**Material provided**.
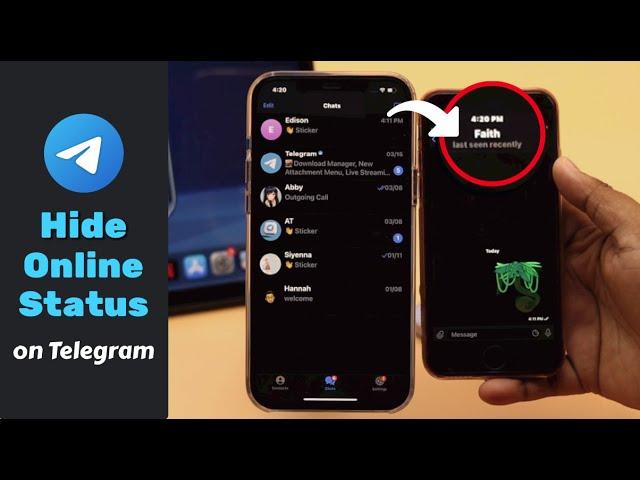 Hide Last Seen and Online Status on Telegram 2022 (How To)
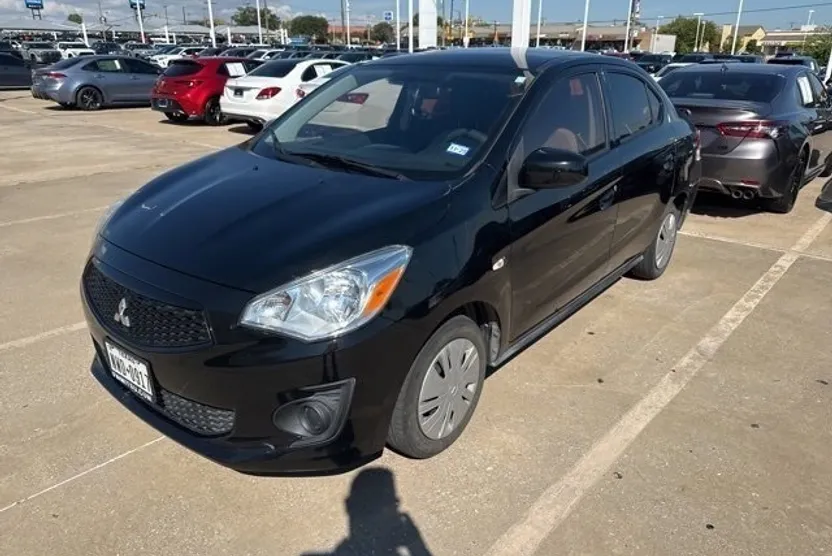 2020 Mitsubishi Mirage G4 ES photo 1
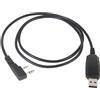 PUEKEO Cavo di programmazione USB per Quansheng UVK5 e UV-K(58) Walkie Talkie Accessori per sistema computer compatibile Baofeng Kenwood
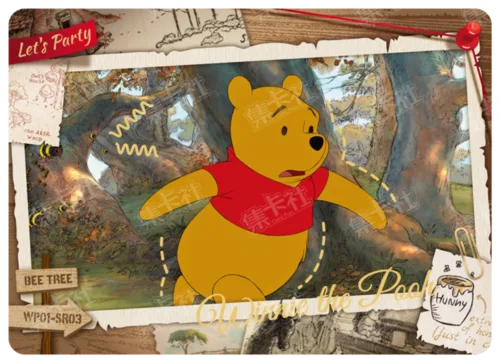 Forest Happenings Card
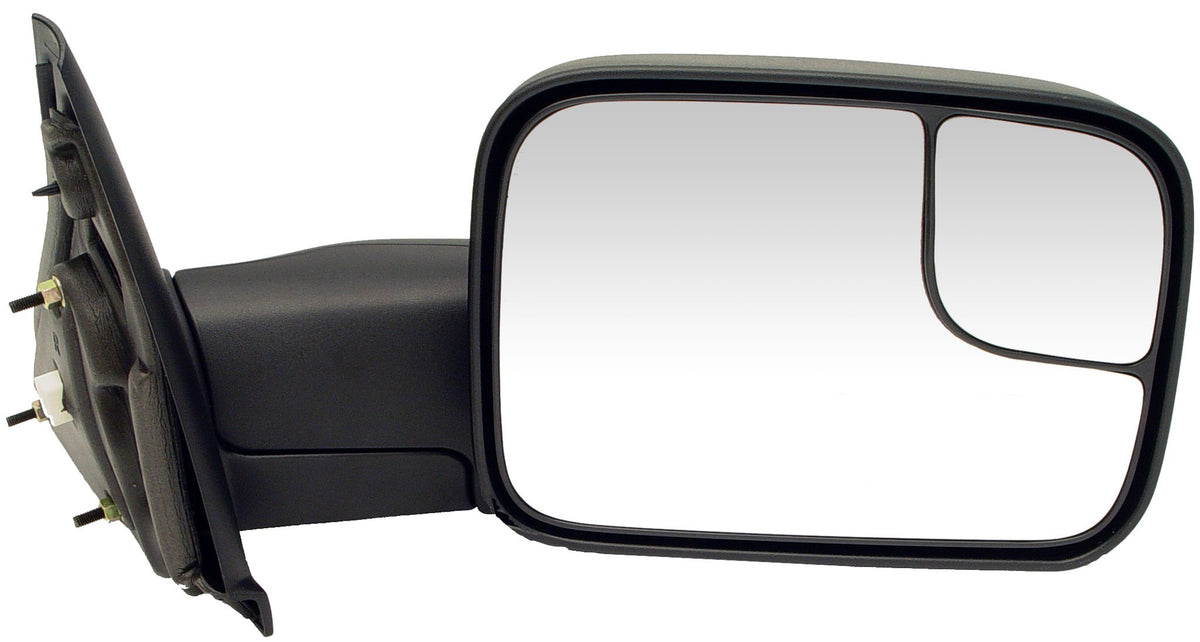 DORMAN 955-493 Dorman 955-493 Passenger Side Power Door Mirror - Heated / Folding Compatible with Select Dodge Models, Black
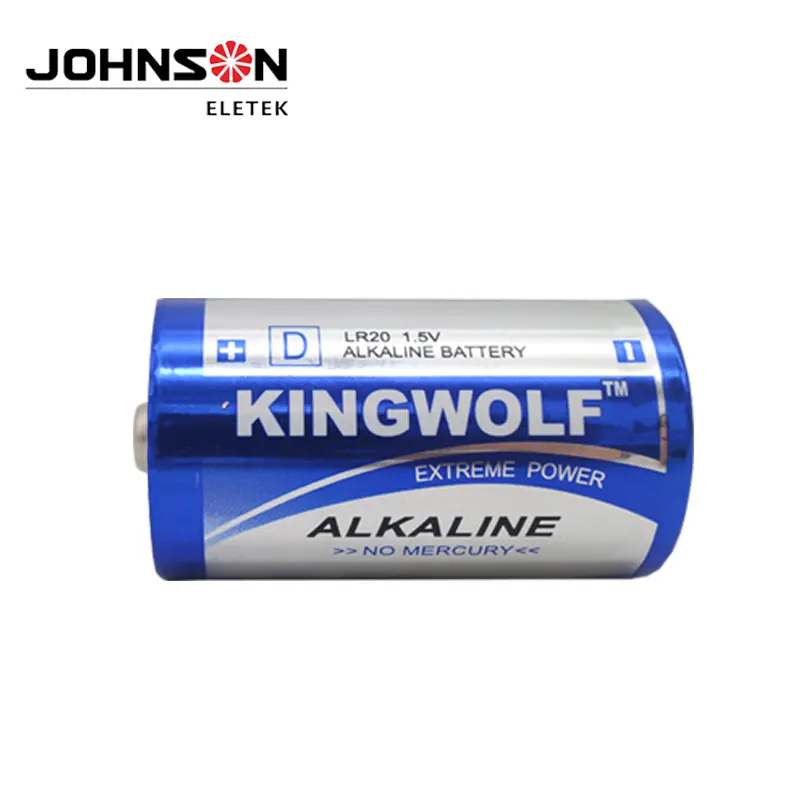 Factory source 12v Dry Cell Car Battery - D Alkaline 1.5V LR20 Battery Replacement D Cell Batteries Great for High Drain Devices – Johnson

**Exercise objective**. With the pictures stripped out, return each record word for word.

**Solution for this task**.
 Hide Last Seen and Online Status on Telegram 2022 (How To)
 2020 Mitsubishi Mirage G4 ES photo 1
 PUEKEO Cavo di programmazione USB per Quansheng UVK5 e UV-K(58) Walkie Talkie Accessori per sistema computer compatibile Baofeng Kenwood
 Forest Happenings Card
 DORMAN 955-493 Dorman 955-493 Passenger Side Power Door Mirror - Heated / Folding Compatible with Select Dodge Models, Black
 Factory source 12v Dry Cell Car Battery - D Alkaline 1.5V LR20 Battery Replacement D Cell Batteries Great for High Drain Devices – Johnson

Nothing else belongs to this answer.